愛、アムールのあーのネタバレレビュー・内容・結末

愛、アムール(2012年製作の映画)
4.6

このレビューはネタバレを含みます

冒頭からのシーン。
「この映画は重いぞ」って
語りかけられてるみたいだった。

ピアノの一和音目も。

電気が消えた暗い室内のショットにも。

さっきまで普通に話してた妻が突然、
反応がなくなり、話しかけても上の空。

この時の夫の行動で、
この夫婦がどんな夫婦生活を
送ってきたのか感じた。

きっと、自分が中心の生活を 
送ってきてたら夫はふざけるな。って
まず、怒り出すと思う。

タオルを湿らし妻に当て、
具合が悪いのか語りかける。
水道の蛇口を閉め忘れるくらい、
どうしたのか?と心配してる。

この老夫婦は、ちょっとした事でも
「メルシー」と言う。

何かをしてくれて、ありがとう。

有る事が難しい。

感謝は目に見えないけど、
伝えないと伝わらないのだ。
ありがとうも言えばいいってもんじゃない。
心が伴わないありがとうなら
言わない方がマシ。

介護が必要になった妻をベッドへ
運んだ時に妻は言う。
「気兼ねしないで。
放っておいて大丈夫。

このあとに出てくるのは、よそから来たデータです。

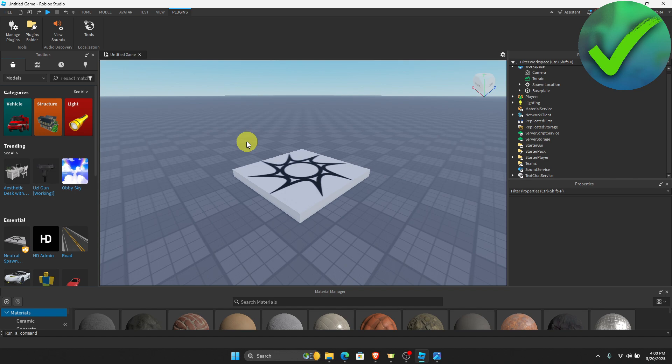The first thing we need to do in Roblox Studio is make sure you have uploaded or published your game in order to add plugins.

自分の事をして。」

「本を読んでる姿を見ないでね」と
洒落た言葉で夫の事も気遣ってる。

恋は刺激と活性化。
愛は穏やかな日常の積み重ね。

長年連れ添った夫婦でも、
夫から初耳の話を聞いた時に、
夫が悪戯っ子みたいな笑みで
「まだまだ話してないことは
いっぱいあるよ」で泣いた。

言いたくない事は言わなくていいし、
自分の思い出を一気に語らなくても
いいのだ。
遠い未来に語る時が来た時に、
とっておけばいい。

水を飲もうとしない妻に
死にたいのか?って聞くけど、
愛する人にオムツの交換をして欲しくない。
オネショをした時も、夫が優しくする程
女性は辛いのだ。
観ていても辛い。

だけど、冒頭で感じた「重さ」は
感じなくなった。

「愛」は重さじゃないから。

その答えは、
自分が死ぬ前に分かればいいや。